The world, like accounting, can be complicated. Sometimes it helps to have concepts or ideas explained to us like we’re a child—not because we’re dumb or simple-minded, but because we may need a basic understanding of the whole before we can understand how it all fits together.
Or at least that’s how I approach my work. As the current affairs editor, my role at TGC is primarily to be an explanatory journalist and to “make complicated things clear, quickly.” Because I often write about topics I’m unfamiliar with, I start by trying to understand an issue “like I’m an 8-year-old” (or at least a high-school student). Once I have a basic framework of understanding I add in details from my research until I feel I understand it enough to explain it in a way that “makes complicated things clear.” I then take out as many details as possible so that it can be explained “quickly.”
In this series, I’ll apply this technique in a more structured manner. The hope is that by providing three levels of explanation—each saying essentially the same thing, though increasing in complexity—you and I can both gain a better understanding of a concept, idea, or issue.
Each year, the President of the United States declares January 16 to be Religious Freedom Day, and calls upon Americans to observe this day through appropriate events and activities that commemorate religious freedom.
In honor of the commemoration, here are three explanations about what religious freedom means in America.
1. Basic Explanation
Religious freedom is a right, given by God and guaranteed by the First Amendment of the U.S. Constitution, that allows individual people or groups to practice a religion—or to practice no religion at all—both in private and also in public with a minimal amount of interference from the local, state, or federal government. The Constitution and other federal and state law protect this right to determine both what we believe and, in a more limited sense, how we act on those beliefs.
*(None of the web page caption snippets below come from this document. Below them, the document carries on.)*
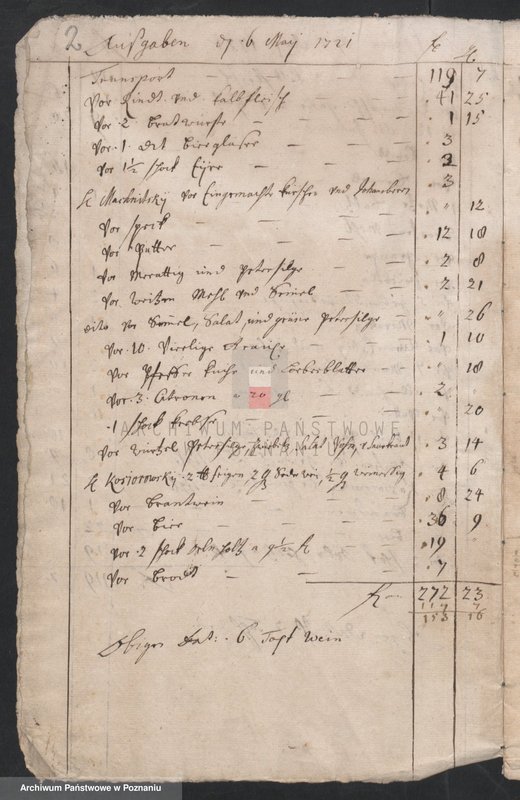 Obraz 4 z jednostki "Rechnung über die Ausgaben, so währender Kommission 1721 vom 5. Mai angegeben worden; język niemiecki"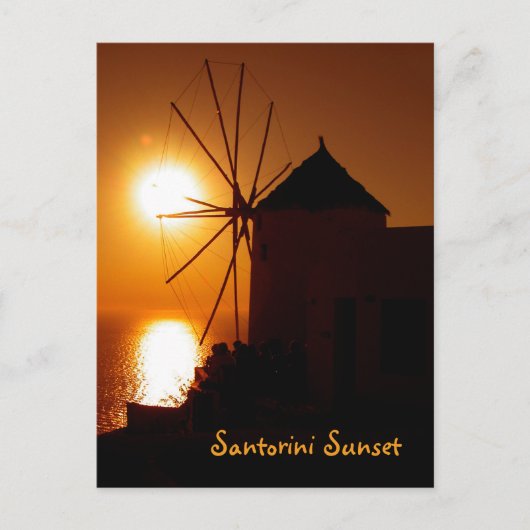 Santorini Sunset with text - Windmill in Oia - Briefkaart (Voorkant)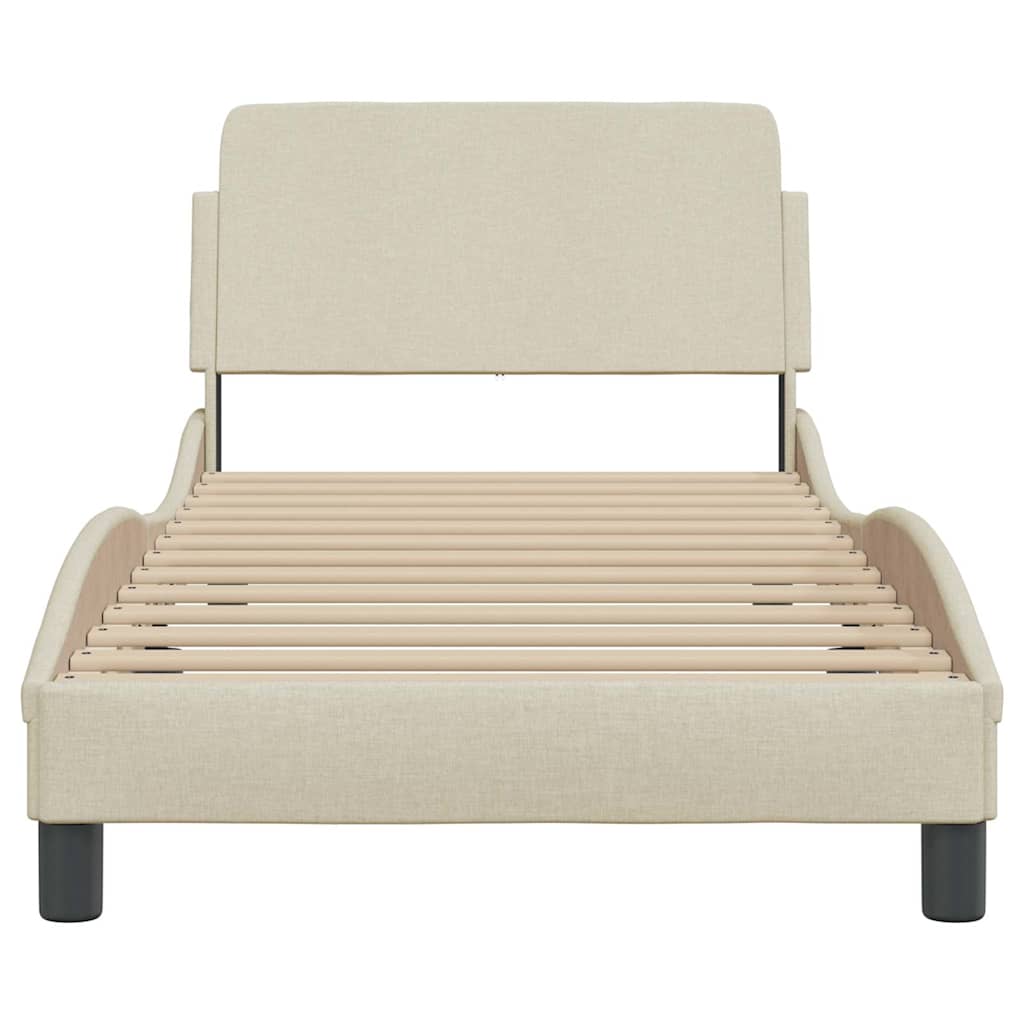 vidaXL Bedframe met hoofdeinde "Dover" 90x200 cm stof crème, foto 4
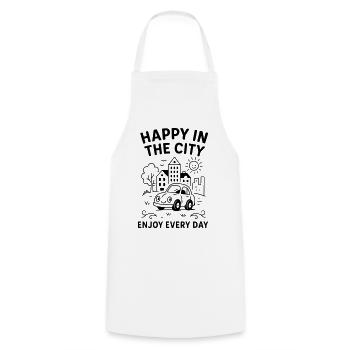 happycity - Kochschürze - Weiß - Vorne - AI Model Male 185 dark (185cm)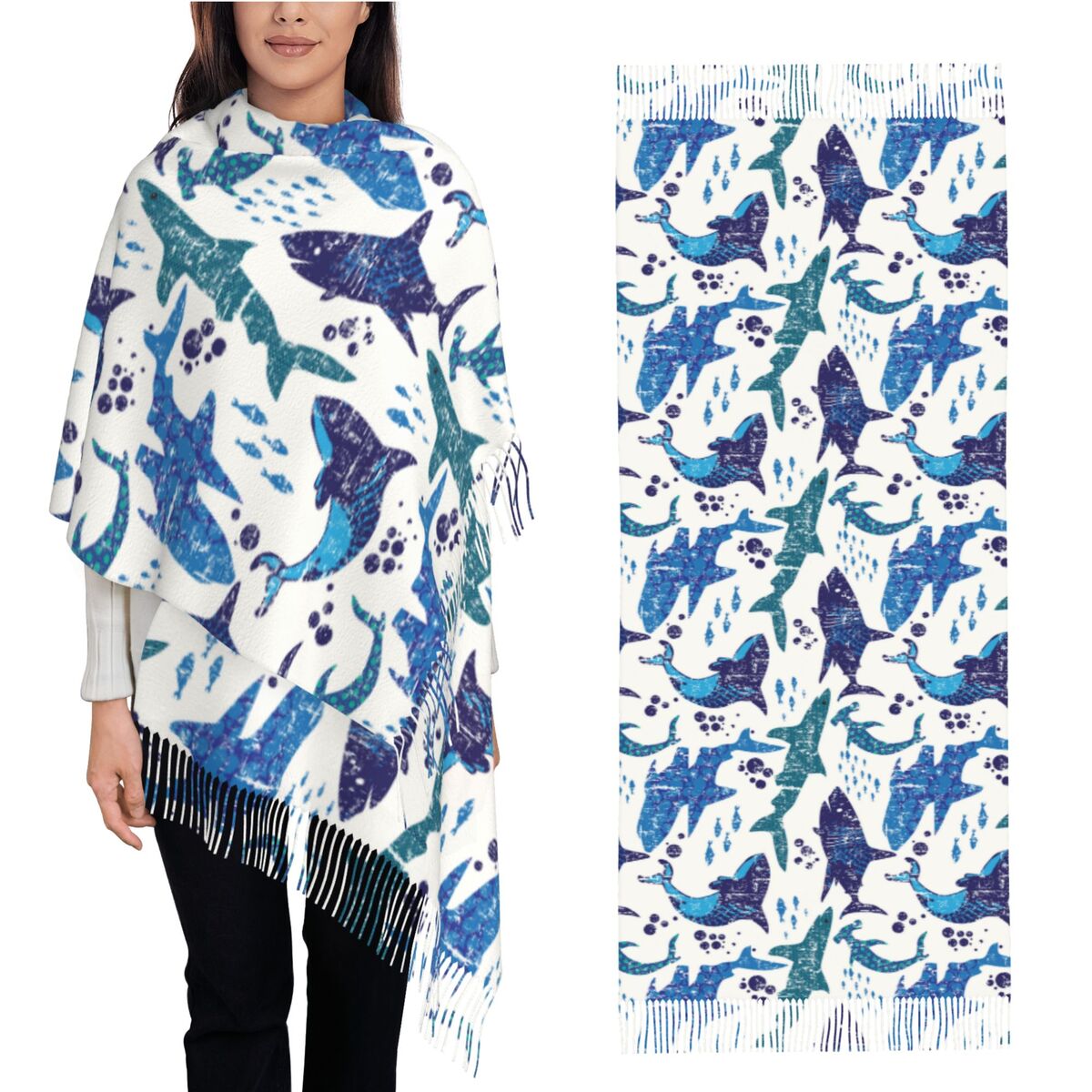 상어 수중 세계 바다 해양 생물 스카프 겨울 가을 파시 - Pashmina Wrap Large 리뷰 및 가격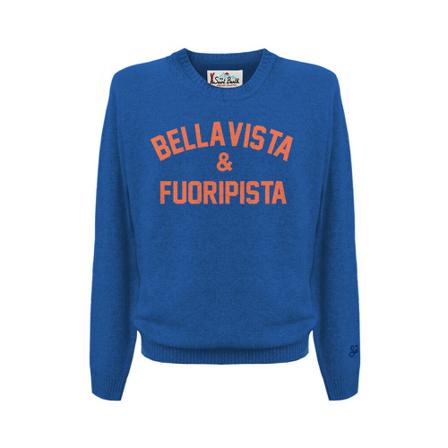 Saint Barth, Round-neck Knitwear Blauw, Heren, Maat:S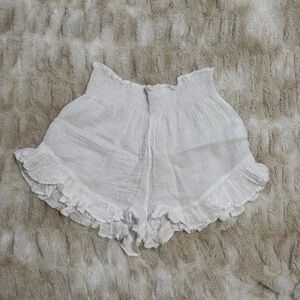 White Ruffled Women's Cover Up Shorts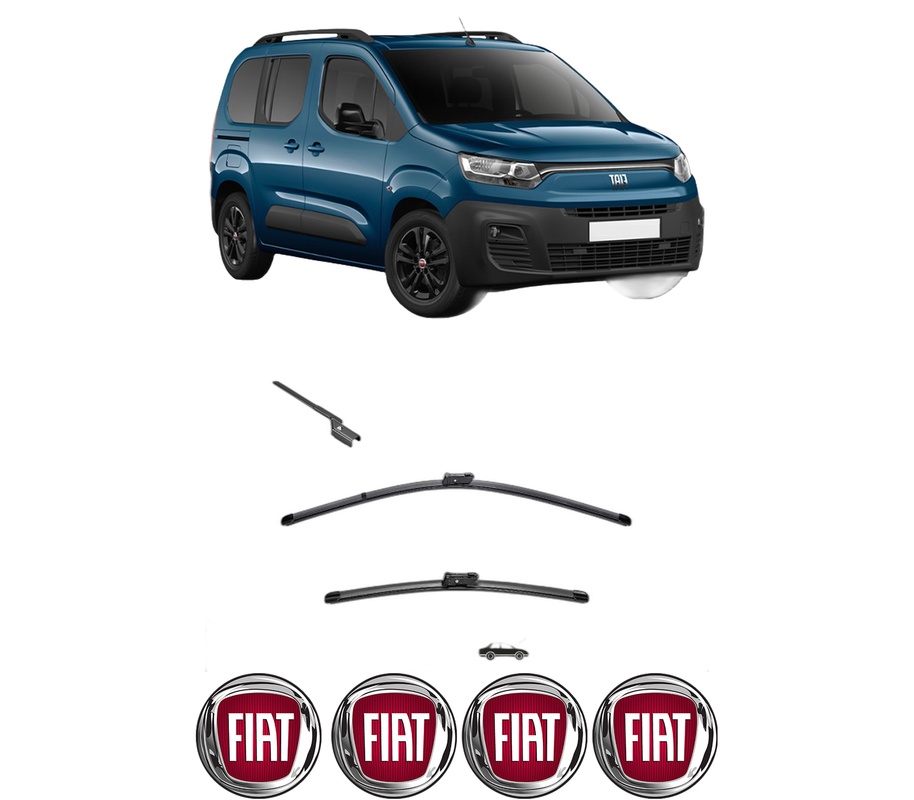 Set stergatoare auto FIAT DOBLO MPV (510_, 511_, 360_, 361_) din 2022-2023, pentru parbriz auto, 2 bucati, Valeo Silencio, din cauciuc siliconat rezistent, 4 Stickere Auto FIAT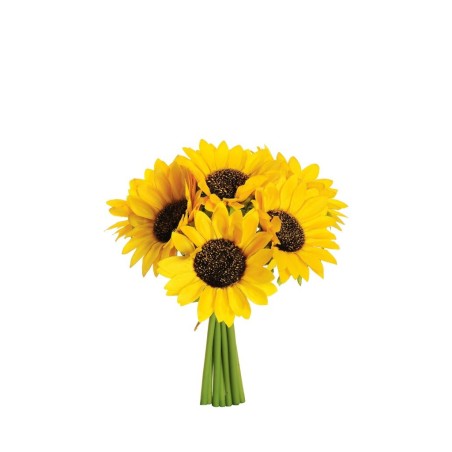 Lot de 30 - Bouquet artificiel de tournesols X7, 22 cm - jaune 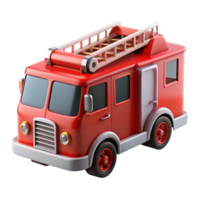 playful striking Refiretruck, extendeladder, glossy finish, dramatic lighting, front view, product shot, isolateon transparent background,high-resolution product photography professional png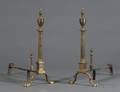 Pair of Brass Urntop Andirons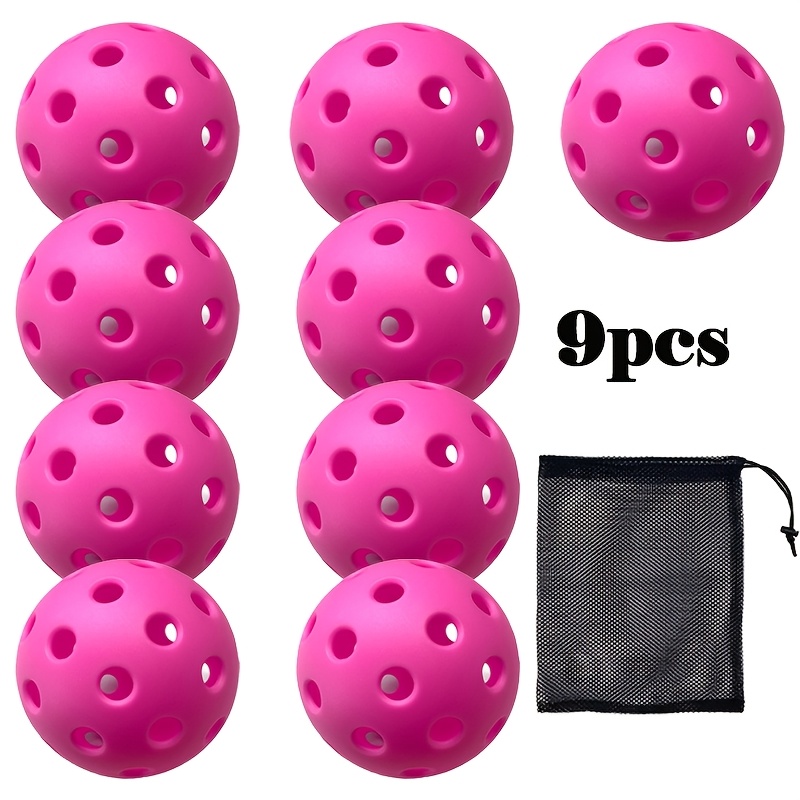 TEMU 9pcs Pack (9- Tube Suitable For Training & Competitive Play) - Pickleball Balls With 40-hole, Durable High-bounce True Flight For Outdoor/ Play,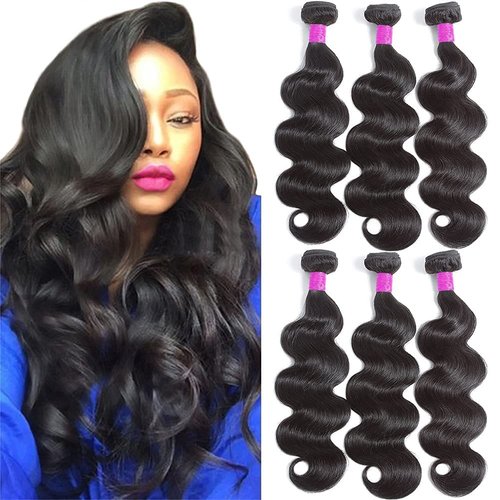 Flady Body Wave 3 Bundles Human Hair 18 20 22 Inch 100% Unprocessed 12A Human Hair Bundles Body Wave 3 Bundles Human Hair Weave Body Wave Human Hair Extensions Natural Color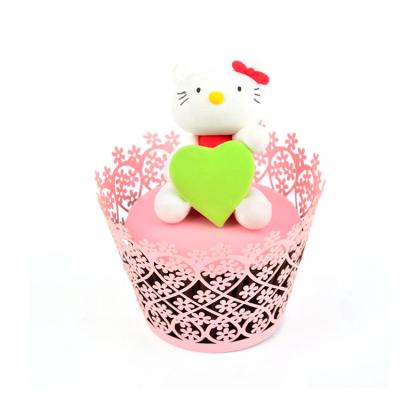 China Greaseproof Laser Cut Case Heart Cup Cake Wrapper Roll Decor Hollow Paper Tool for sale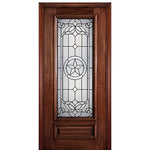 6'-8" 3/4 Lite Mahogany Wood Entry Door with San Jacinto Decorative Glass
2. Intermediate Explanation
Religious freedom is rooted in the idea that the government should not, without a compelling reason, be able to violate a person’s conscience. The conscience, as Andy Naselli and J. D. Crowley explain, is “your consciousness of what you believe is right and wrong.” During the founding period when the Bill of Rights was written, the term “conscience” was often used as synonymous with “religion.” Thus, the concept of freedom of religious and freedom of conscience have often been used somewhat interchangeably.
The legal basis for the right to religious freedom (and the right of conscience) is the Free Exercise Clause of the First Amendment, which states “Congress shall make no law respecting an establishment of religion, or prohibiting the free exercise thereof . . . .” This clause is extended to state and local states through the Fourteenth Amendment.
However, the courts haven’t always interpreted the clause in a way that protected religious freedom. So a federal law known as the Religious Freedom Restoration Act (RFRA) was passed in 1993 to prevent other federal laws from substantially burdening a person’s free exercise of religion.
3. Advanced Explanation
Religious freedom is a legal right that flows from the moral right to conscience. It is rooted in the idea, as Melissa Moschella explains, “that as human beings we have a grave obligation to seek the truth, and to follow the truth as we understand it.” As Moschella adds,
Conscience rights go to the core of what it is to be a human person: the capacity to act based not only on desires or instincts, but on judgments about what is good and bad, right and wrong—and the moral responsibility that is inseparable from that capacity. To force a person to act contrary to conscience is to force him to violate his moral integrity. It is an assault on the person at his core, much worse than any merely physical harm.
For Christians, acting against one’s conscience is not only a violation of moral integrity by an act of sin. As the apostle Paul says, “For whatever does not proceed from faith is sin” (Rom. 14:23).”